Because I didn't expect this (and wasn't clever enough to anticipate the consequences), I fed and aerated this batch according to the NewBee Guide's 3-day course, resulting in both oxygenation and nutrient additions well after these breaks occurred.

I feared that this might result in the sherry-like quality that comes of exposure to oxygen after the 1/2 sugar break. And my fears have proved well-founded. Here's a condensed version of my mead log for this mead:

=========================

5-1-2012 - This morning, the must measures:
Current Gravity: 1.012
Current pH: 4.10

This evening, the must measures:
Current Gravity: 1.012
Current pH: 4.08

Decided to rack the mead off of the fruit into a carboy. Layered with CO2 and capped.

=========================

5-20-2012 - Sampled mead. Already amazingly clear. Tastes 'green' but already has a pronounced pineapple character. I have been ruminating on the amazing nature of these fermentations and have decided that mead #13 will push the envelope even further, taking the original gravity to 1.160 or thereabouts and using even more pineapples. I have decided to start this mead next weekend, if I can get the pineapples. Called the Co-op and talked to the produce manager who called back a couple of days later and said they are going to get a shipment of ripe Maui Gold Extra-Sweet Pineapples on Wednesday the 23rd. They'll be on sale, too! I'm going to go in and get them!

=========================

5-27-2012 - uncapped, smelled it and layered with CO2. Has a wonderfully 'gummy' pineapple smell. SG: 1.010 pH: 4.4

=========================

5-31-2012 - Racked mead - 2nd racking. Mead already pretty clear (though still a bit cloudy). Tastes pretty good (though still quite young). Bear in mind that this mead's fermentation was fed and aerated for longer than it should have been; the fermentation was so fast that I was unaware of it and kept feeding and aerating with oxygen for two days longer than should have been the case. It does have a very faint sherry-like quality but this is quite faint (so far) and it is otherwise quite nice, even though it is far from mature.

pH: 4.7
Specific Gravity: 1.010

=========================

9-1-2012 - Tasted mead - The sherry-like taste has become quite pronounced ... as I feared it would. This mead may turn out OK but I very much doubt it. The sherry-like quality is obvious and, though not unpleasant, is NOT what I want.
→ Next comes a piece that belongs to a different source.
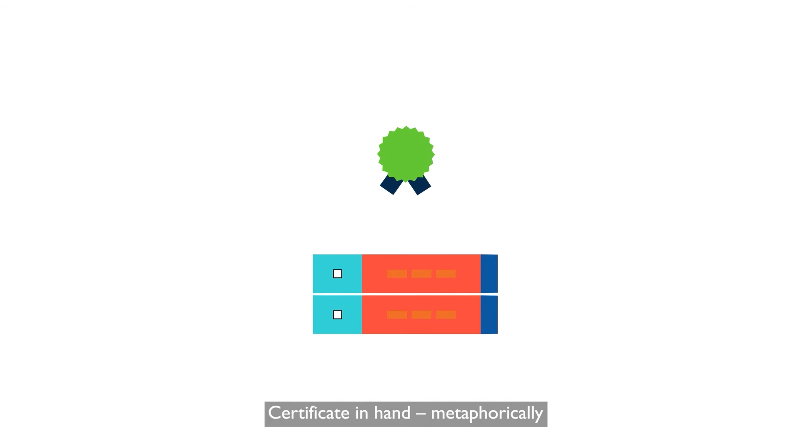Certificate in hand — metaphorically — the agent installs it on its web server. And that's that.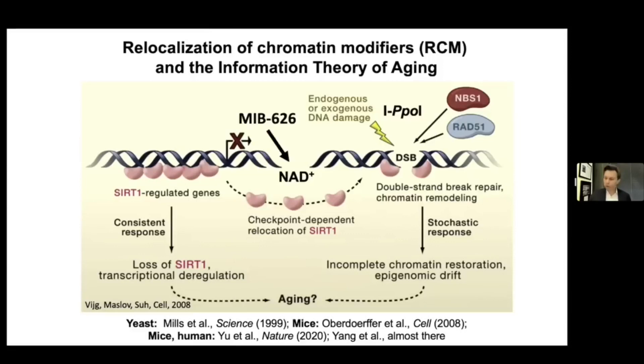We also want to report on MIB626, which is an NAD precursor — a polymorph of nicotinamide mononucleotide that is GMP pure. It's been tested in humans, and our goal is to have a drug that will treat not just aging but diseases of aging. Right now we've got five clinical trials up and running, and I'll share some results of that.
I'm going to rack it and let it age further but I suspect that it is a cooking sherry. Damn! Damn! Damn!

Actually, I should note that another, earlier batch I made that went down Sherry Lane turned out to be a very passable sherry and is quite good both for drinking (when one wants sherry) and in cooking things like chicken and fish, etc. Perhaps the gods will smile on me with this one, too.

In future, I WILL monitor the first day's fermentation activity at 4-hour intervals, when doing pineapple meads (or ANY fermentation that gallops along like the pineapple ones have) and base my feeding and aeration regime on the rate of fermentation.

=========================

Best Wishes!

Chevette Girl
09-04-2012, 11:09 AM
I always check the SG every time I aerate for the first few days just to monitor in case I have a wild fermentation like this :)

And sherry's not so bad when you want sherry. I've intentionally oxidized a few of my wines and meads just to get the hint of that flavour.